After You Get Punched in the Face
Super Bowl XLIII certainly ranks as one of the greatest sports upsets of all time, with the New York Giants defeating the undefeated and seemingly invincible New England Patriots. In a postgame interview, Giant star Michael Strahan explained that his team had won by throwing the Patriots off with unrelenting pressure, which worked because “everybody has a plan until they get punched in the face.”
While this short quote is meant to describe football and boxing, it is also an excellent description of life. Many people have brilliant futures until an unforeseen event derails their lives, their grand plans undone by an unexpected punch in the face. Families are shattered by divorce and discord, careers ruined by bad luck, and lives disabled by illness and injury. The punch in the face leaves many a person down for the count.

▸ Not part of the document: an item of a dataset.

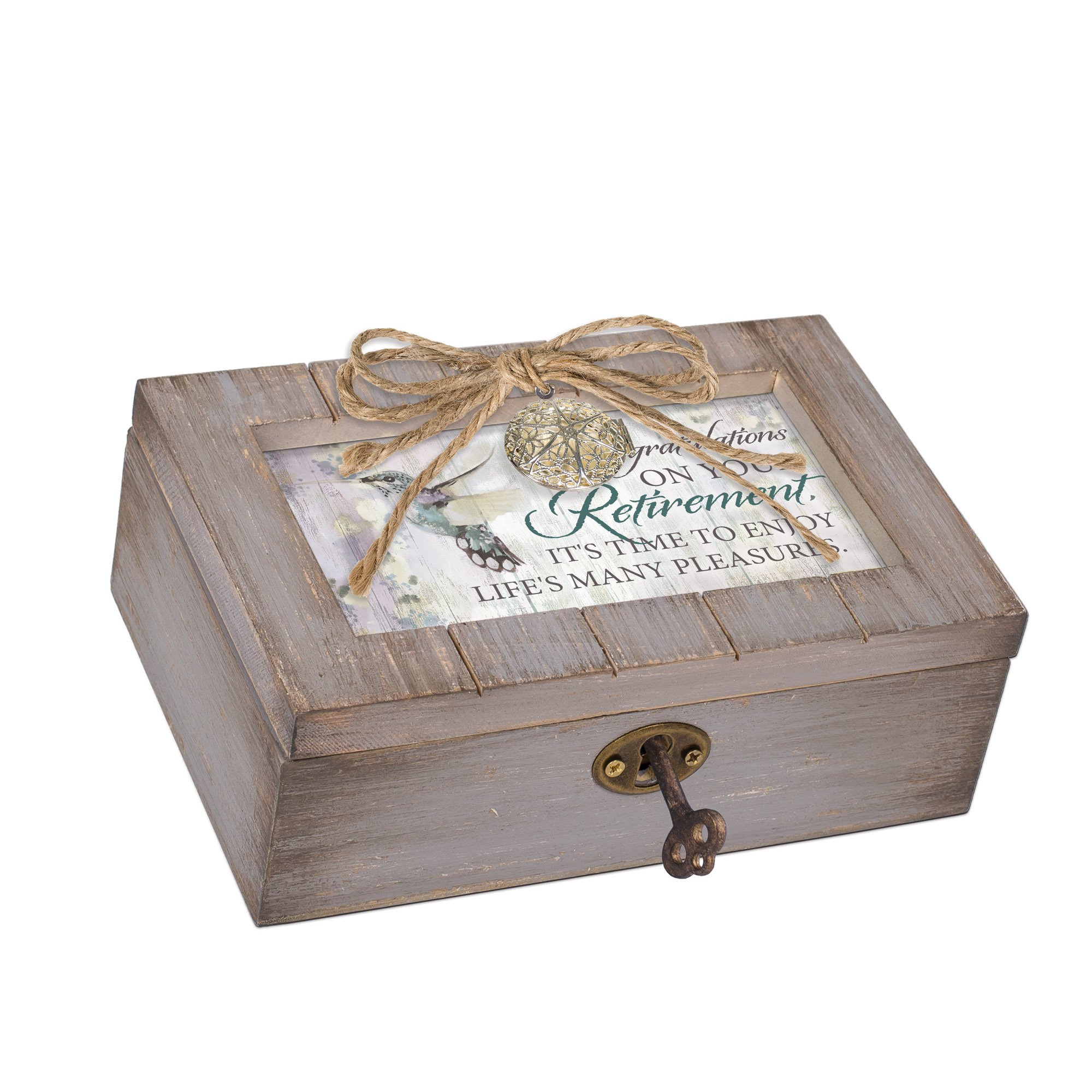 Detalle de jubilación caja de música locket gris Wonderful World para regalar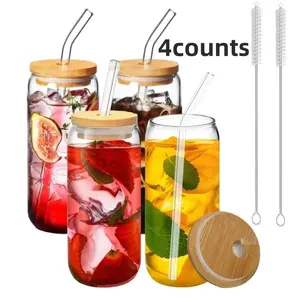 Glass Cup with Lid & Straw & Brush Set, 1/2/4pcs 16oz Party Clear Glass Cup Set, Can Shaped Drinking Glasses Iced Coffee Glass Summer Cool Bottle, Birthday Gift Ideas, Suitable for Coffee, Juice, Milk Tea, Beer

After getting punched in the face, there’s a great deal of pain accompanied by humiliation. For those accustomed to success, the bitter taste of failure is sometimes too difficult to swallow. After major losses in the financial markets, German Billionaire Adolf Merckle threw himself in front of a train; after losing hundreds of millions of dollars in clients money to Bernie Madoff’s scheme, French banker RenĂ©-Thierry Magon de la Villehuchet took his own life. The anguish and embarrassment of defeat can be a knockout punch.
However, there are people who have been beaten and humiliated, but refused to throw in the towel. These determined losers seem absurd, continuing to fight on after the battle seems lost.
This quixotic determination is evident throughout the history of the Jewish people. Until the establishment of the State of Israel, Jewish history was a long string of defeats, with the Jews hanging on from one beating to another. Why did we do this? Why keep getting up off the canvas, just to be knocked down another time?
Joseph provides the answer. Joseph antagonizes his brothers with his dreams and his status as Jacob’s favourite son; but one day, on a mission of peace, Jacob sends Joseph to the city of Shechem to check on the welfare of his brothers. Instead of giving Joseph a chance, the brothers seize him and sell him into slavery. For the rest of his days, Joseph struggles mightily to rebuild his life and family.
Yet at the end of his life, The Midrash tells us that Joseph makes a strange request: to be buried in Shechem, the very city he traveled to on the day he was sold into slavery. What could possess Joseph to choose the location of his humiliating “punch in the face” as his final resting place?
The answer is simple: Joseph had a mission. That day, he had set out to Shechem in hope of attaining peace with his brothers; and even though he had been kidnapped, enslaved and exiled to another country, Joseph never let go of this dream. And in the end, he chooses a final resting place that reflects his determination to fulfill his mission.
"He who has a why to live for can bear almost any how." This pithy quote from Nietzsche best describes Joseph’s return to Shechem, and Jewish people’s return to Israel; and it also reminds us that if you’re on a mission, the game plan remains the same, both before and after the punch in the face.